Une mutation déjà bien amorcée par certains grands groupes
Nous devons accepter le fait qu’aucune certitude d’aujourd’hui est « garantie incassable ». Nous vivons une époque de mutation. Pour survivre, nous devons nous entraîner à faire voler nos propres certitudes en éclats.
Cette mutation exige une veille permanente sur tout ce qui se passe.
Les grands groupes l’ont bien compris… Analysons les tendances.
Dès 2012, Havas rachète une agence américaine, Victors & Spoils. Cette agence centrée sur la technologie fait appel au « crowdsourcing », principe utilisant la créativité et le savoir-faire d’un grand nombre de personnes en sous-traitance. Par ce biais, elle déniche les bonnes idées et réalise les campagnes de clients de « premier ordre », comme Harley Davidson, Unilever, Mercedes Benz, Coca-Cola ou Converse.
En 2018, le crowdsourcing est devenu une évidence. Aucune agence ne peut se permettre de maîtriser en interne l’ensemble des connaissances technologiques émergentes.
Autre stratégie, celle de Publicis Groupe, qui a lancé en juin 2018 sa plateforme d’intelligence artificielle Marcel en partenariat avec Microsoft. Celle-ci aura ainsi la lourde tâche de transformer les données de 1200 agences du groupe dans le monde, de leurs 200 métiers, de 4000 clients et de plus de 5 milliards de fichiers en une plateforme collaborative à l’échelle mondiale. Elle permettra de transformer l’entreprise d’une holding companyen une plateforme, offrant la possibilité aux 80.000 collaborateurs du Groupe à travers le monde d’échanger et de collaborer sans limites ni frontières.
L’hebdomadaire Stratégies écrivait en 2016 : « Le jour où robots et créatifs ont monté ensemble les marches de Cannes. La publicité comme on a pu l’aimer à l’époque de Culture Pub semble petit à petit s’éteindre pour laisser place à une nouvelle forme de créativité. »
Désormais, aux Lions de Cannes, les catégories « Creative Data », « Entertainment », « Mobile » et « Innovation » volent la vedette aux prix du film télé ou du meilleur print. Ce ne sont plus les agences créa mais les acteurs brandtech qui rythment la vie sur la Croisette. Le data analytics et le data scientist sont-ils en train de remplacer les directeurs artistiques et les planeurs stratégiques ? Doit-on utiliser ce que l’homme seul ne peut pas calculer et analyser ?
Comment imaginer de nouveaux territoires d’expression ? La donnée, l’innovation technologique et l’intelligence artificielle au service d’une nouvelle créativité est en train de naître.

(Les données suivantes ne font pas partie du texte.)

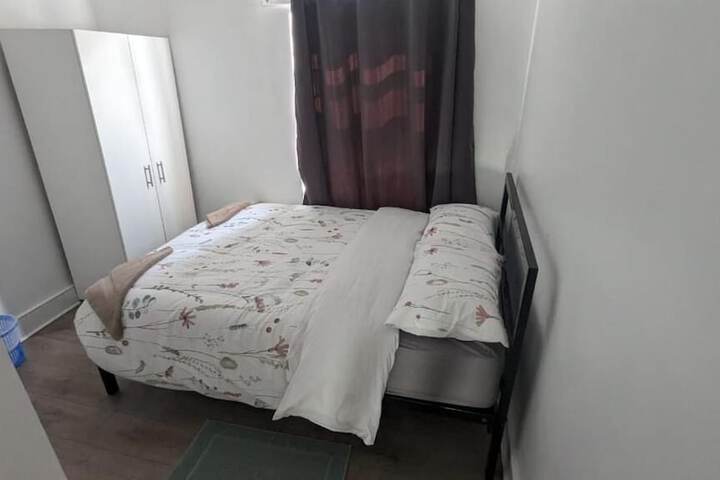 Room 3 of 7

Prenons en exemple le Grand Prix Creative Data « The Next Rembrandt ». Une machine a analysé l’œuvre complète du peintre afin de créer un tableau qui aurait pu être peint par l’artiste lui-même. Les machines sont donc capables de réaliser une œuvre d’art si on leur montre le chemin. Est-ce cela la nouvelle créativité ? Cet exercice peut-il être extrapolable à la publicité ? On peut imaginer la campagne idéale conçue par des datas adaptée à des cibles identifiées par des critères comportementaux. Cette imagination est déjà en action, c’est ce que propose le marketing prédictif. Des agences comme Quantcast récupèrent des données démographiques, comportementales, d’intention et de style de vie afin de proposer la campagne qui collera le mieux à ces comportements.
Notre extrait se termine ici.